- Film poster
- Directed by: Dana Flor
- Produced by: Amy Hobby Emily Wachtel
- Edited by: Kristina Motwani
- Production companies: Record Breaker Films Tortyfly Pictures
- Release date: June 10, 2024 (Tribeca Festival);
- Running time: 77 minutes
- Country: United States
- Language: English

= 1-800-On-Her-Own =

1-800-On-Her-Own is a 2024 American documentary film about the life and career of singer-songwriter Ani DiFranco. It is directed by Dana Flor.

== Reception ==
Robyn Bahr of The Hollywood Reporter wrote, "You know you're wasting time on a documentary when you feel the urge to Wikipedia its subject while you're in the middle of watching an entire feature film devoted to them. And once I had finished Dana Flor's tedious music biodoc 1-800-ON-HER-OWN, I oddly felt like I knew even less about folk-rock legend Ani DiFranco than I did going into it."
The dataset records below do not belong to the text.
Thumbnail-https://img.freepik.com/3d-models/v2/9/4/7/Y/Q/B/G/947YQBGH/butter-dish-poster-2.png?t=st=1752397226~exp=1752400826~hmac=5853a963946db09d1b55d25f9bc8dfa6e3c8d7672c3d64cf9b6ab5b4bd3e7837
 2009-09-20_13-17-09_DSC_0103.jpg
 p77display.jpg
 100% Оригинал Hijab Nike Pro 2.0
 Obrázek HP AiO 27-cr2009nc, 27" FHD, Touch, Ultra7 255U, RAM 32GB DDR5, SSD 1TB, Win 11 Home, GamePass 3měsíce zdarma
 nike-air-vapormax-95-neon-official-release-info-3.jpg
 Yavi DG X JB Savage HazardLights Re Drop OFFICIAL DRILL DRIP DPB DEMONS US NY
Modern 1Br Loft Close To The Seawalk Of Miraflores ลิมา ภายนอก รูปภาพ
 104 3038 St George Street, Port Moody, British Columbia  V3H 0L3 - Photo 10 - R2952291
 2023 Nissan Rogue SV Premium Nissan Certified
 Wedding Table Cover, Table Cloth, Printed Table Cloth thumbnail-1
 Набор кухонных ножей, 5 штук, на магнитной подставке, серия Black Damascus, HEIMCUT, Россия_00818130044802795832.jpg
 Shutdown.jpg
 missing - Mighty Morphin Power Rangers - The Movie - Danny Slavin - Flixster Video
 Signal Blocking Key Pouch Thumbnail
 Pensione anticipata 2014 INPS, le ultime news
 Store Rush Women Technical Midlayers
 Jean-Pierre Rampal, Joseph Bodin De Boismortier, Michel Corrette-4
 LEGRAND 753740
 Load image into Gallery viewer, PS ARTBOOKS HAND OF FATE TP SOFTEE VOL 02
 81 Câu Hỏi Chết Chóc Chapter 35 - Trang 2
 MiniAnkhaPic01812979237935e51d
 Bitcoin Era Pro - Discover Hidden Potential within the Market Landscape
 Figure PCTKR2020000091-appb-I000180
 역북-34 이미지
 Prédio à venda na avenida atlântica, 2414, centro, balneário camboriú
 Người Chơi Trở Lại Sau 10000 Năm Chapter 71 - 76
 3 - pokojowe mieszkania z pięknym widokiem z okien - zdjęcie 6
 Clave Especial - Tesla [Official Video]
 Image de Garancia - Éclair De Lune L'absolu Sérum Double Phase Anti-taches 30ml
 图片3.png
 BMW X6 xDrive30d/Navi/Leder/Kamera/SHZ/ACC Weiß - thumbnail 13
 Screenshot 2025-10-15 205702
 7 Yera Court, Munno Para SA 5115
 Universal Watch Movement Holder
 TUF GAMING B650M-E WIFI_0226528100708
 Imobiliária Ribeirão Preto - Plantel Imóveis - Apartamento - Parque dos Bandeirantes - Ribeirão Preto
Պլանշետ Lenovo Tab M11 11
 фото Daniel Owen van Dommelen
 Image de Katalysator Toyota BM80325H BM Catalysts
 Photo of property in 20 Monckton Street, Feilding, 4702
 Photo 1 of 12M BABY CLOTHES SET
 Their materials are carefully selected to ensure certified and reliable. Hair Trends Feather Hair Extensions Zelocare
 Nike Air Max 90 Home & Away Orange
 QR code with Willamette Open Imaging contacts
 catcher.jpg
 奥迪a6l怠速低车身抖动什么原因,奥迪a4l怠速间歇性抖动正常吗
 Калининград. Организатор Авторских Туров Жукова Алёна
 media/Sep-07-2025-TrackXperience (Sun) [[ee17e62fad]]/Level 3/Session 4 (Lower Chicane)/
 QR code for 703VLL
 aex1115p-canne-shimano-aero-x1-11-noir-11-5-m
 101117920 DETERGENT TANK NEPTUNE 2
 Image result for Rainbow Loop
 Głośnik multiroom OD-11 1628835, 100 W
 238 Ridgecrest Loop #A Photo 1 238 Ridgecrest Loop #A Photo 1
Andrew Parker of TheGATE.ca gave the film a score of 5 out of 10, writing, "[O]utside of a handful of illuminating moments, 1-800-On-Her-Own is a thin documentary. There's not much of a beginning or end, a minimal amount of context, and only a small handful of voices speaking about the DiFranco and the influence she has undoubtedly had on folk music and other artists."